By day my father worked as a longshoreman and at this time most musicians had day jobs away from music. His band had probably more great musicians in it than any other I have heard of, such guys as Buddy Bolden, King Oliver, Big Eye Louis Nelson and many others I could name, and this was great for me though at the time and for many years afterwards I had no idea that they would be recognised as pioneers or makers of jazz history. By now I was playing trumpet pretty well, my father having convinced my mother that it could be done without my having my cheeks puffed out or my neck protruding! I kept getting compliments from neighbours about my playing too and I think that my mother rather went for this.

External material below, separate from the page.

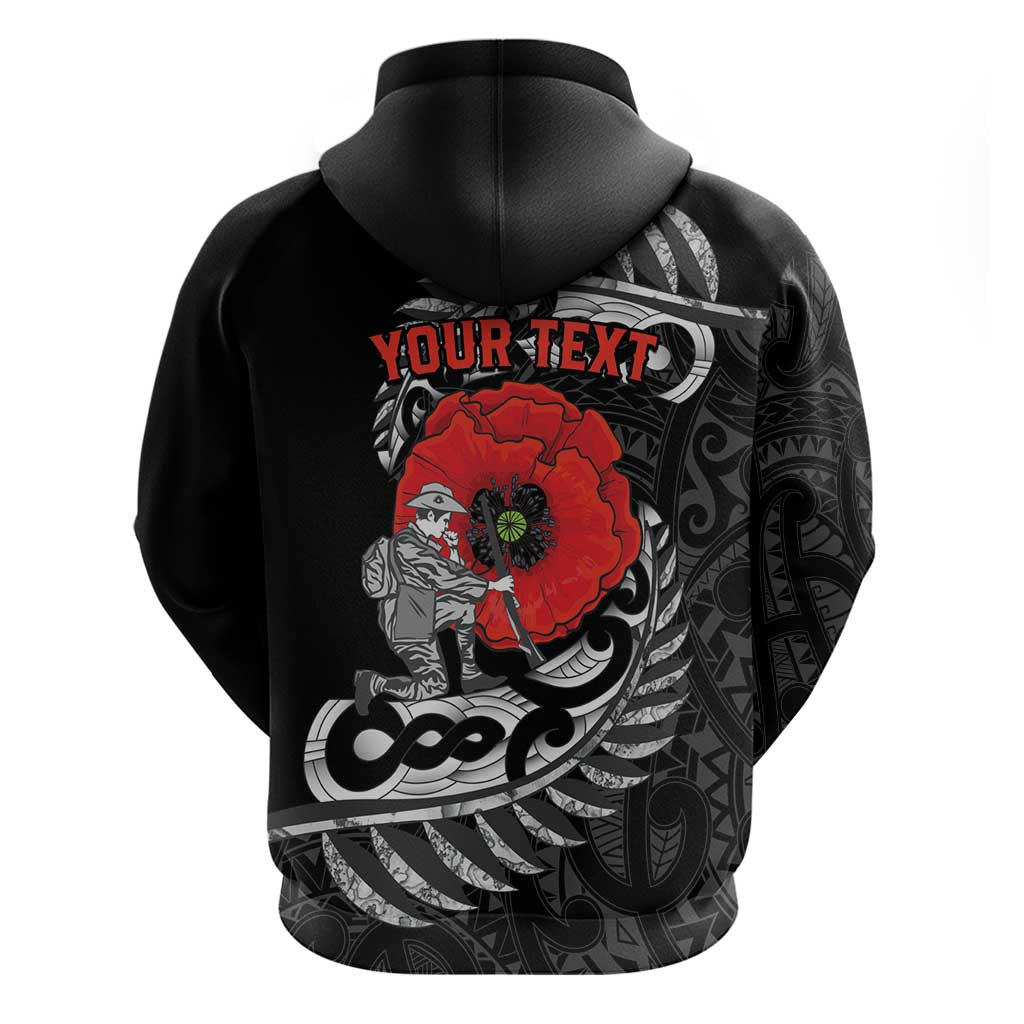 ANZAC Day Aotearoa Silver Fern Maori Personalised Zip Hoodie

Those parade jobs with my father meant a lot of walking. At first he would arrange for me to meet the band at some corner and then I could come in and play a number, generally getting a lot of applause, though whether for being good or just because I was a youngster is something I don't know. After a while I went all the way in the parades, walking miles and miles, and I just grew up in this setting. At one time Louis Armstrong and I happened to be in my father's band, on a parade - I just realise now what a brass section that could have been with Louis, my father, and myself - and already Louis was great and because he squeezed me I played as well as I could. My father wasn't a great jazzman but he had lots of power and was a fine musician as far as reading and organising was concerned, in addition to being an outstanding conductor. He brought a lot of guys into New Orleans from such places as Tipita and Morgan City, and at one time had two brothers of his in the band, Sam and George Allen. I've seen several early New Orleans photographs of parade bands where the drummer is listed as unknown, but it was my uncle, George Allen. We also had an uncle in Burbeck City, which is across the river from Morgan City, same as Algiers and New Orleans, by the name of Ezekiel Mack, and though I never did hear him personally I was told he could play well. Then, on my mother's side, an aunt of mine was a very fine organist and pianist who used to play in the church a lot. That gave me the chance to play in the church as well, on such numbers as What a friend we have in Jesus. That was my crip at that time - when I say crip, I mean my outstanding number.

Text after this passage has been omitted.